Efficient Route Tracing from a Single Source

TL;DR

This paper analyzes and improves the efficiency of route tracing from a single source, especially addressing challenges with non-responding destinations and proposing algorithms to reduce probing redundancy.

Contribution

It systematically studies route tracing efficiency from a single monitor and introduces algorithms to handle non-responding destinations, reducing redundancy.

Findings

Backward probing can significantly improve efficiency.

Non-responding destinations impact probing strategies.

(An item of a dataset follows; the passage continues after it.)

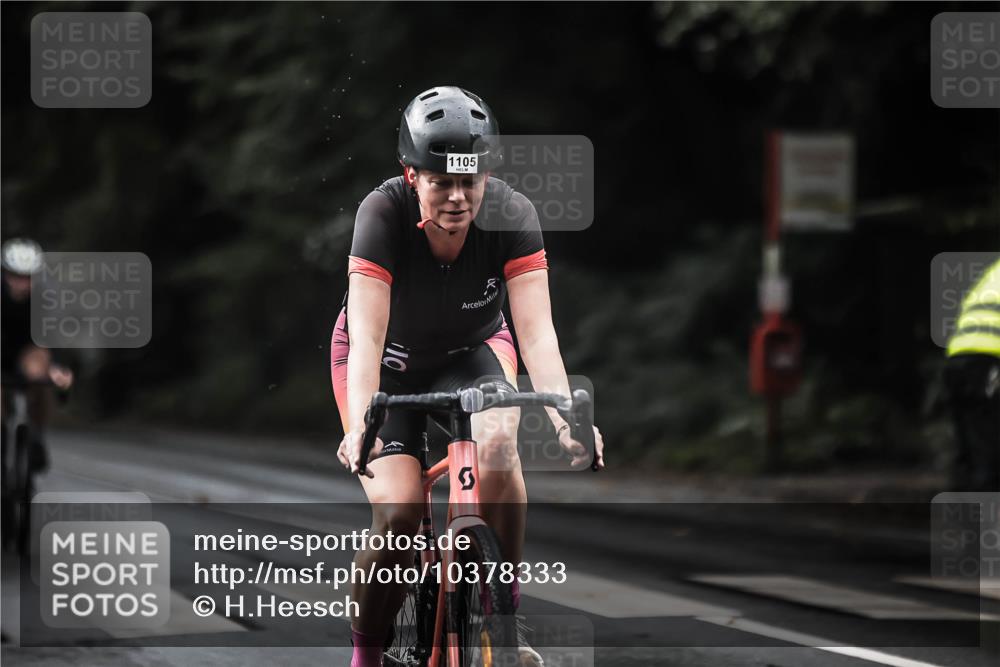 13.09.2026 - Stadtparktriathlon H.Heesch http://msf.ph/oto/10378333 13.09.2026 12:21:01 Radfahren 950, 979, 986, 1015, 1061, 1080, 1105, 1151 meine-sportfotos.de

Proposed algorithms reduce redundancy with minimal loss of discovery.

Abstract

Traceroute is a networking tool that allows one to discover the path that packets take from a source machine, through the network, to a destination machine. It is widely used as an engineering tool, and also as a scientific tool, such as for discovery of the network topology at the IP level. In prior work, authors on this technical report have shown how to improve the efficiency of route tracing from multiple cooperating monitors. However, it is not unusual for a route tracing monitor to operate in isolation. Somewhat different strategies are required for this case, and this report is the first systematic study of those requirements. Standard traceroute is inefficient when used repeatedly towards multiple destinations, as it repeatedly probes the same interfaces close to the source. Others have recognized this inefficiency and have proposed tracing backwards from the destinations and stopping probing upon encounter with a previously-seen interface. One of this technical report's contributions is to quantify for the first time the efficiency of this approach. Another contribution is to describe the effect of non-responding destinations on this efficiency. Since a large portion of destination machines do not reply to probe packets, backwards probing from the destination is often infeasible. We propose an algorithm to tackle non-responding destinations, and we find that our algorithm can strongly decrease probing redundancy at the cost of a small reduction in node and link discovery.